◆ TASK: Work through the records below and copy every line that includes "from".

◆ MATERIAL SHOWN:
---
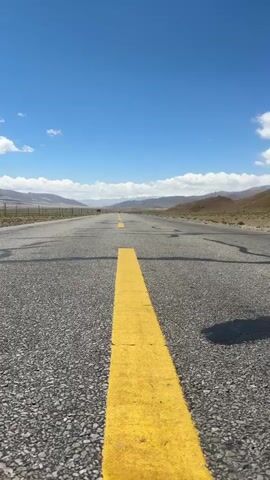 A low-angle shot on a long, straight asphalt road shows a single continuous yellow line down its center. The sky is clear blue with scattered white clouds, and distant mountains frame the horizon under a bright sun.

A person, seen from the waist down, walks directly away from the camera, straddling the yellow line. They wear dark, loose-fitting pants and white sneakers. The camera captures their footsteps, focused on their shoes.

The shot then transitions to a full-body view of the person, walking away from the camera along the yellow line. They are wearing a colorful, patterned long-sleeved top and the same dark, loose pants.

Suddenly, the person jumps high into the air, arms raised in a V-shape, pointing upwards. They are silhouetted against the bright sky, suspended mid-air above the yellow line, with the vast, open road and mountainous landscape stretching out behind them. The scene suggests a remote, possibly high-altitude location in Mainpu township, China, given the context. The weather is clear and sunny.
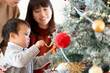 © amanaimages - クリスマスツリーの飾り付けをする親子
---
◆ ANSWER:
A person, seen from the waist down, walks directly away from the camera, straddling the yellow line. They wear dark, loose-fitting pants and white sneakers. The camera captures their footsteps, focused on their shoes.
The shot then transitions to a full-body view of the person, walking away from the camera along the yellow line. They are wearing a colorful, patterned long-sleeved top and the same dark, loose pants.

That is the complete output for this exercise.